De enige relevante vraag die daarmee overblijft is of klager door afwezigheid van een reglement ten tijde van de afhandeling van de klacht in zijn belang en in de mogelijkheid om zijn klacht adequaat en tijdig naar voren te brengen is geschaad.
Het LOWI concludeert dat verweerder zijn klacht inhoudelijk in redelijk korte tijd heeft beoordeeld. Dat de klacht ongegrond is verklaard en dit oordeel voor klager negatief was, doet daar niet aan af. Dat verweerder nalatig is gebleven een regeling inzake wetenschappelijke integriteit te treffen en tevens verzuimd heeft de in de praktijk toegepaste ‘voorlopige’ regeling te publiceren, zowel intern als voor mogelijke externe klagers, is in de huidige procedure nadelig gebleken voor klager.
Mede door het ontbreken hiervan heeft klager langer dan nodig een weg gezocht om zijn klacht in formele zin te laten behandelen. In de loop van de afhandeling van de klacht is het conflict, dat oorspronkelijk ontstond uit het niet verwijzen naar een tip van klager, verscherpt en in ernst toegenomen. Deze verscherping heeft klager volgens zijn zeggen geschaad in zijn gezondheid en belemmerd in zijn functioneren als wetenschapsbeoefenaar. Hoewel dit niet uitsluitend het gevolg kan zijn van een ontbrekend reglement, valt de escalatie van het conflict te betreuren. De escalatie had, naar het oordeel van het LOWI, kunnen worden voorkomen door tijdig een goede regeling te treffen.
Het LOWI adviseert het nu gereed zijnde reglement zo spoedig mogelijk in te voeren en aan klager te laten weten, in de vorm van een gesprek of brief, dat verweerder nu deze bestuurlijke nalatigheid heeft hersteld, zodat zijn (in)spanningen in deze zaak uiteindelijk tot de instelling van een reglement wetenschappelijke integriteit hebben geleid.
4. Conclusie en advies
Het LOWI bevestigt het oordeel van het rapport van de vertrouwenspersoon en van verweerder dat geen sprake is geweest van schending van wetenschappelijke integriteit door beklaagde en adviseert het besluit van …. 2008 te handhaven.

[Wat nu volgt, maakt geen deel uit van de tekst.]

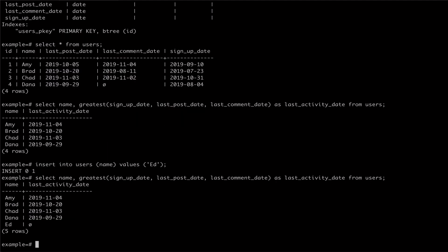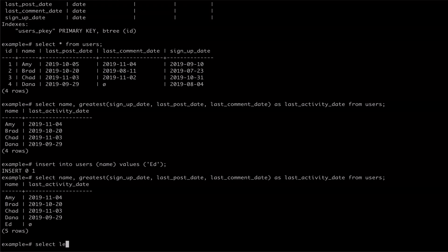The least command works in the exact same way as greatest, accepting a list of values and returning the smallest of the values. In the case of our data, we can do something silly like select the earliest activity date from our users using least and passing it our date columns.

Het LOWI adviseert om het naar het oordeel van het LOWI onhoffelijke en oncollegiale gedrag van beklaagde, waarop geen sanctie rust, niettemin in een gesprek met klager en beklaagde, hetzij afzonderlijk, hetzij gemeenschappelijk, te bespreken en te zien op welke wijze alsnog erkenning voor de bijdrage van klager kan worden gerealiseerd. Naar de mening van het LOWI rust op verweerder de taak goede en gebruikelijke omgangsvormen in de wetenschap te bevorderen.
Het LOWI is van oordeel dat in de procedure van afhandeling van de klacht de noodzakelijke vertrouwelijkheid onvoldoende in acht is genomen. De klacht is op dit punt terecht bij het LOWI naar voren gebracht. Het LOWI acht deze klacht gegrond en adviseert het College van Bestuur aan klager te laten weten, hetzij in een gesprek hetzij per brief, dat het in deze nalatig is geweest.
Het LOWI is van oordeel dat de klacht inzake de afwezigheid van een reglement wetenschappelijke integriteit niet ontvankelijk is aangezien het LOWI niet bevoegd is te oordelen over bestuurlijke aangelegenheden, zoals bestuurlijke nalatigheden. Niettemin adviseert het LOWI het College van Bestuur om in bovengenoemde brief aan klager te laten weten dat een reglement wetenschappelijke integriteit zeer spoedig zal zijn ingevoerd.